No, I’m not about to talk about me…but I could (a la Toby Keith.)
Well now that you’ve had enough country music for a month, let’s talk movies.
So I’m a huge movie buff and have seen tons of movies ranging from classics to superhero flicks to horror movies and the cheesiest chick flicks ever. So last night on the Women’s Network, I found a gem I had never seen before, which didn’t seem to have a man-hating message (seriously, go watch W Network movies in the afternoon, you’ll know what I’m talking about), called “Just Wright”, starring Queen Latifah, Common (yes, the rapper and no, I’m not going to Google his government name), Phylicia Rashad, Paula Patton, and the Chief from Grey’s Anatomy (can’t be bothered to Google, part two.)

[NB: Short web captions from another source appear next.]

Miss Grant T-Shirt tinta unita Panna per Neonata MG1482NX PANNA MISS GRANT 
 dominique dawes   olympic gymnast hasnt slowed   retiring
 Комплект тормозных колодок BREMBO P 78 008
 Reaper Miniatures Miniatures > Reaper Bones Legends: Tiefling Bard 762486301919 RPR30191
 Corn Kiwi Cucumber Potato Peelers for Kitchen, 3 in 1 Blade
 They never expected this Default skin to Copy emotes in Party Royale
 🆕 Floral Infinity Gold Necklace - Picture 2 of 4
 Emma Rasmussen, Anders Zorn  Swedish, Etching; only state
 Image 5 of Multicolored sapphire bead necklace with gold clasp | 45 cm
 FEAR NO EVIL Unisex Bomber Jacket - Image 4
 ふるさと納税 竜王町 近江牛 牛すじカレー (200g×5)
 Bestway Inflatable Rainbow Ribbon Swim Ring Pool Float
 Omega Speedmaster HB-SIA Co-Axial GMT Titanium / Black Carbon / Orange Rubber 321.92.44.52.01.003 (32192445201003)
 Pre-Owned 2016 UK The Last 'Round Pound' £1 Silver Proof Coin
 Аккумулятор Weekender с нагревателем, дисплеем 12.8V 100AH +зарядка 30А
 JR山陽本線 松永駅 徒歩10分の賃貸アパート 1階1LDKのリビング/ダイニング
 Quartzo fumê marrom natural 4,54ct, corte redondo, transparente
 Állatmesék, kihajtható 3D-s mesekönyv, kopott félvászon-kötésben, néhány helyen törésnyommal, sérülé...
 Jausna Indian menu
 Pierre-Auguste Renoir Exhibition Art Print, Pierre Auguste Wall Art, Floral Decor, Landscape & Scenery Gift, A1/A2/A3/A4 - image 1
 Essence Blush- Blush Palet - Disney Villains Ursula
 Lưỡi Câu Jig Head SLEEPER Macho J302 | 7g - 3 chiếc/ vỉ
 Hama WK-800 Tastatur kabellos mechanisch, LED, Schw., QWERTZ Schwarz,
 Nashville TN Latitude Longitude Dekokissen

To summarize, the movie started off about these godsisters/cousins living together and they were two completely different people, especially when it came to dating. Queen Latifah’s character was always getting friend-zoned, because she was SO AWESOME (aka had a solid personality) and Paula Patton was essentially a gold-digging, fame-hungry basketball fiance-soon-to-be-wife. Anyways, the movie was cheesy at parts — Common should stick to his music career, because his acting is somewhat sub-par. Overall, it was a solid choice for a light-hearted girls night in.
I totally related to the friend-zoned Queen Latifah; I feel like the high-maintenance ladies always get the cool, good-hearted guy! I’ve been preaching this for a few months now. I should write a novel about nice girls finishing last or something cliched like that. It’s not my fault I’m an awesome tomboy who also happens to clean up nice when she wants to! (And obviously, super modest.)
Anyways, if you want a good chick flick that isn’t super predictable (on a scale of one to ten, it was a six on predictability for a chick flick), with some super delicious athletes (including a whole lot of Common shirtless and sweaty — drooool) and a hearty message to take away at the end of the movie, I totally recommend this gem!
I’m no Roger or Ebert and I’m certainly not a rotten tomato, but I’d give this movie a solid four out of five gold stars with a cherry on top.
And if someone can let me know why this phenomenon of ladies being friend-zoned is not on the popular culture radar, that would be absolutely wonderful for my love life!
Off to drown my sorrows in a couple of glasses of cheap champagne.